In Butembo, Dusan and I drink a couple of whiskys in Hotel Butembo and talk more about the bigger picture.  A UN worker was attacked on the road to Goma, things are shifting in the FDLR and Mai-Mai groups due to the elections, and it is “not good.”  Dusan is furious about things seeming to get out of his control and is saying maybe he’ll transfer to South Sudan.  I wonder if he really has lost hope. 
          The next day I head to the COPERMA office.  Hangie, Jean-Marie (a COPERMA worker who looks like James Dean but darker) and Laurentine are the only ones in the office.
    -I’m going to Goma and then to Kinshasa, I tell them when I walk in.  So I may be out of town for up to two weeks.
    -You’re going out of town?  Hangie responds and leans on the table.  Didn’t you hear about the violence 95 km from Butembo?  ADF-NALU are active in Oicha, eleven are dead.
    -No, I didn’t hear about that.  What happened?
          I ask, but it doesn’t affect my trip. 
    -I don’t know, I just know that eleven people were killed on Monday.
          ADF-NALU are supposedly rebels from Uganda who’ve recently begun creeping their way across North Kivu, trying to get their fingers in the cookie jar too.
    -There were people in one of the big camion trucks and the NALU shot them all, he says.
          I remember the images of a similar event that happened last year.  The images online were devastating.  I still remember the striped shirt and braids of a girl of about 12 with a hole in her head.
    -Also, you heard there was a case of rape here in the city center?  He continues.
    -No, I didn’t. 
    -The Maman trapped the rapist and she came here for help.
    -Was she lighter skinned than normal? I ask, almost with excitement.
          It would be wonderful if Anuarite had come here, but would also mean she was actually raped.
    -No.  It was a 7 year old girl.  Her mother caught the man with the girl and trapped him.
    -Oh, jeez.  How old is the man?  I ask, imagining a confused teenager.
    -Fifty.
          Disgust reaches out a skinny hand and wraps its fingers around my esophagus.  It clenches for a moment, disappears, and I can breathe.

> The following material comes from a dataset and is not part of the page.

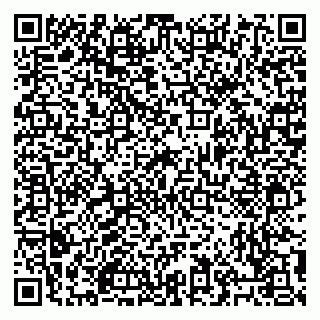 vCard 79044956147
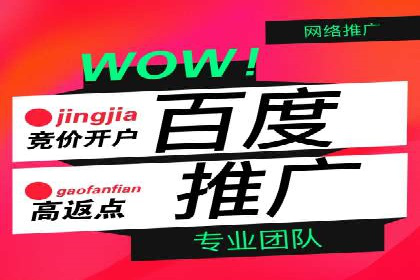 成功案例展示：百度竞价代运营助力企业品牌提升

    -How did the Maman trap the man?
    -The Maman went to go to the bathroom, it was during the day.  The store where they sell things, attached to the house, was closed and she went inside and then she came across the man raping the girl.  The mother screamed and the man said he was guarding the child.  The Maman went to the owner of the store and told him and she started to cry.

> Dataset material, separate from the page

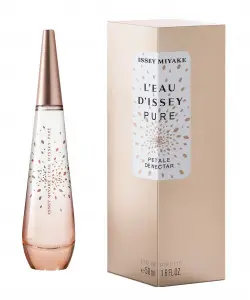Issey Miyake L'Eau D'Issey Pure Nectar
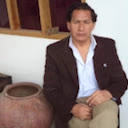 Jaime Hugo Aquino Rodriguez - @jaime.hugo.aquino.rod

    -After that, they spoke with the girl and found she was raped, Laurentine cuts in.  The girl started crying when they asked her what had happened and she said the man held her mouth shut so she couldn’t scream and he raped her.

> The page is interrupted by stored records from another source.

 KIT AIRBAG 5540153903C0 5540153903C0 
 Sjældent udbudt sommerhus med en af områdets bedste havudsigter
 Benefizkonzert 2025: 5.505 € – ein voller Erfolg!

          I can imagine perfectly the little girl’s tiny form; skinny arms with bird-like bones, a smile and skin innervated with the fresh excitements of childhood.
    -Where is the man?  I ask. 
    -We took him to prison, responds Hangie.  When the Maman first went to the police, the police officer told the rapist to say that the Mother had splashed water on the girl’s vagina to make it look like a rape so she could get him in trouble.  Then the police officer told the Mother to give him her telephone.
    -What happened after that?  That's horrible.
    -When the Maman came here with the girl, we took the girl to FEPSI.  And we said, that’s not okay that he took your phone and said that.  We went to a different police office, and now the police man and the rapist are in jail.
    -Thank God.  Which jail? Can I speak to the rapist?
          I don’t even think about this before I ask it.  I know I need to see the man; I need to speak with him and ask him where his heart went.  I need to ask him if he has daughters.  If he does, has he hurt them in the same way?  If he hasn’t hurt them yet, what makes this little girl different from his own?  The police officer is simple scum, but the man who raped a 7 year old girl is on the other side of humanity and I need to know what that looks like, in detail.  There’s so much hope here, in the strength and spirit of survivors and the people in general.  But in terms of the problems, I can't see it yet.  I need to find where that hope lies because I know it’s still here.
          I leave COPERMA and speed home on my motorcycle listening to Nina Simone sing Sinnerman and feeling like something is chasing me.
               

Wednesday, February 9, 2011

Time Bombs

          The other Americans have both left; I find that I glide easily back into the solitary and relatively silent process of everyday.  I’m around people constantly, and speaking most of the day.  But there’s a difference between being around people who understand where you’re from and speak your native tongue, and the perpetual mistranslations and conscientious awareness with another language and culture.  Friends change the molecules of the air, though the molecules’ structure and composition remain the same.              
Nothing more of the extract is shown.